[Short web captions]
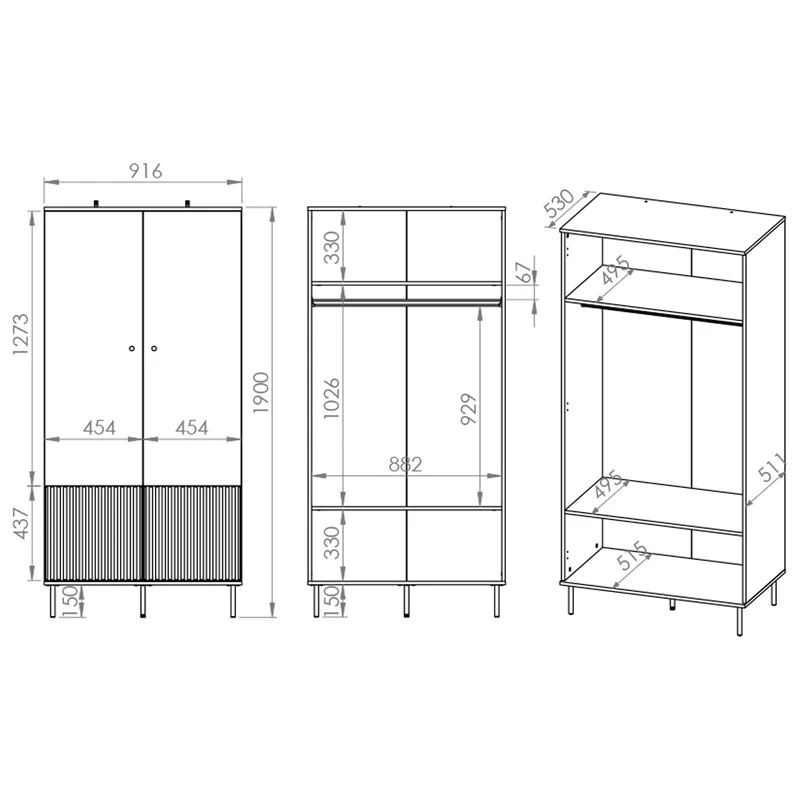 Armoire 2 portes Nova Cachemire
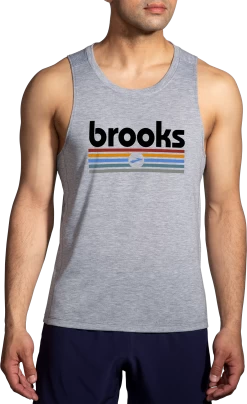 Men's Distance Tank 2.0 (061 - Heather Ash/Brooks Track Stripe)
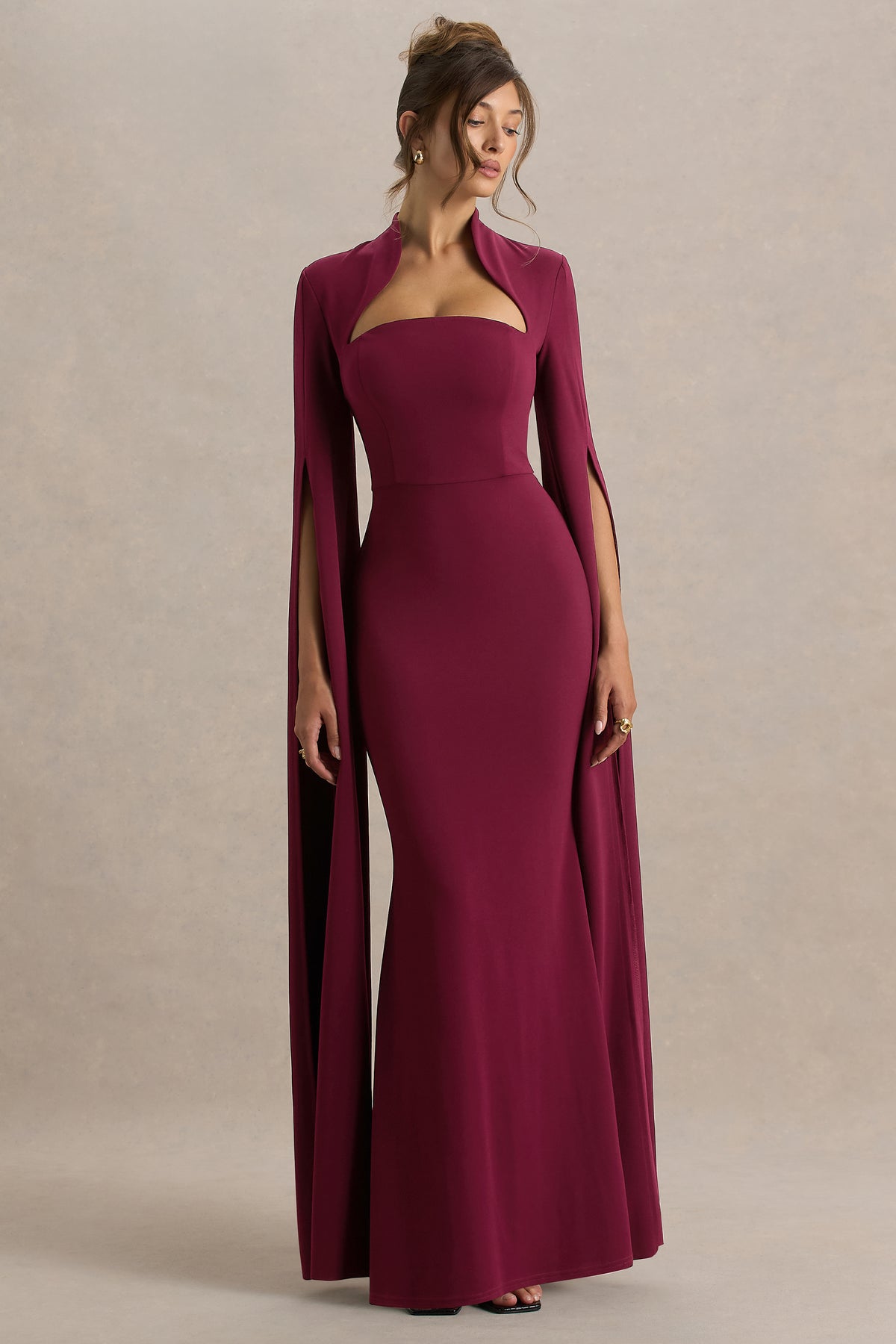 ECM_HR_CL138716102 - Esme Burgundy Square-Neck Maxi Dress With Cape Sleeves 02.jpg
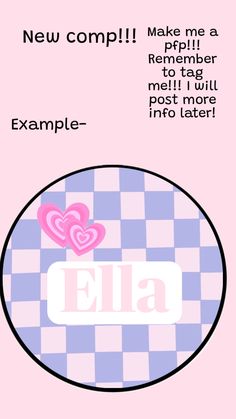 a pink and blue checkerboard background with the words ella in white on it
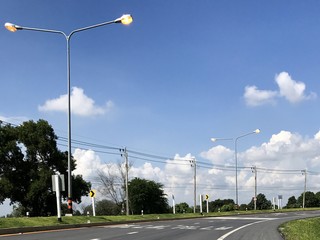 Light shines on the highway.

§ TASK DETAILS: Apart from the pictures, all of the data must be duplicated exactly as shown above.

§ YOUR SOLUTION:
 Armoire 2 portes Nova Cachemire
 Men's Distance Tank 2.0 (061 - Heather Ash/Brooks Track Stripe)
 ECM_HR_CL138716102 - Esme Burgundy Square-Neck Maxi Dress With Cape Sleeves 02.jpg
 a pink and blue checkerboard background with the words ella in white on it
 Light shines on the highway.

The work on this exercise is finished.